The news these days has had me thinking, and it finally made me realize something.

You see, I despise the [Whatever-American] terminology for ethnicity. Asian-American, African-American, all those. Hate those terms with a passion. And I’ve finally figured out why.

They’re dangerous. The whole non-racist/post-racial society that we want? Those terms are detrimental to the whole thing.

Why? Because they’re hideously racist. And even worse, they’re insidiously racist.

Because they imply, by definition, that white is some sort of default. "Oh, if you’re white, you’re just American. It’s everyone else who needs to be specially identified."

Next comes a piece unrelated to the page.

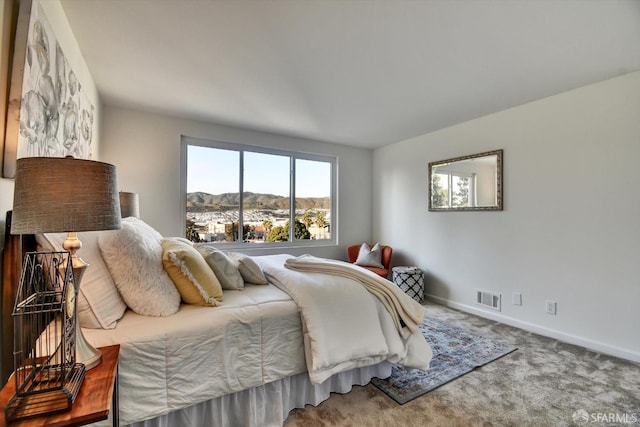 bedroom featuring a mountain view, carpet, visible vents, and baseboards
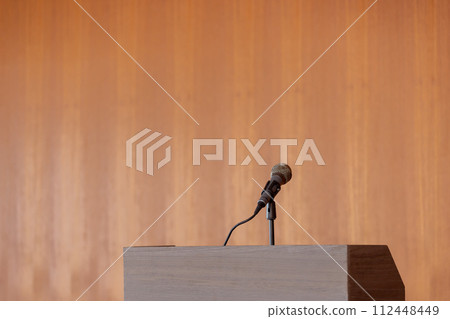Podium and microphone 112448449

That sort of thinking is what keeps "us vs. them" alive, even in the minds of people who otherwise aren’t prejudiced. It’s the sort of thinking that leads to people assuming that all characters in books have to be white, or casting Sigourney Weaver as an Biblical African queen.

When was the last time you heard someone referred to as a Caucasian-American? You haven’t, or at least not often, because the language itself has trained us to think of "Caucasian" as the unspoken default. We’ve already learned, throughout history, that you cannot have "separate but equal." So how can we possibly reach equality when the language itself works at keeping us separate?

If you’re an American citizen, you should be an American. Period. Ethnicity should have no bearing on it, and the terminology for ethnicity should not draw on citizenship.

There is no "default" except human. Our language needs to reflect that, not cloud it.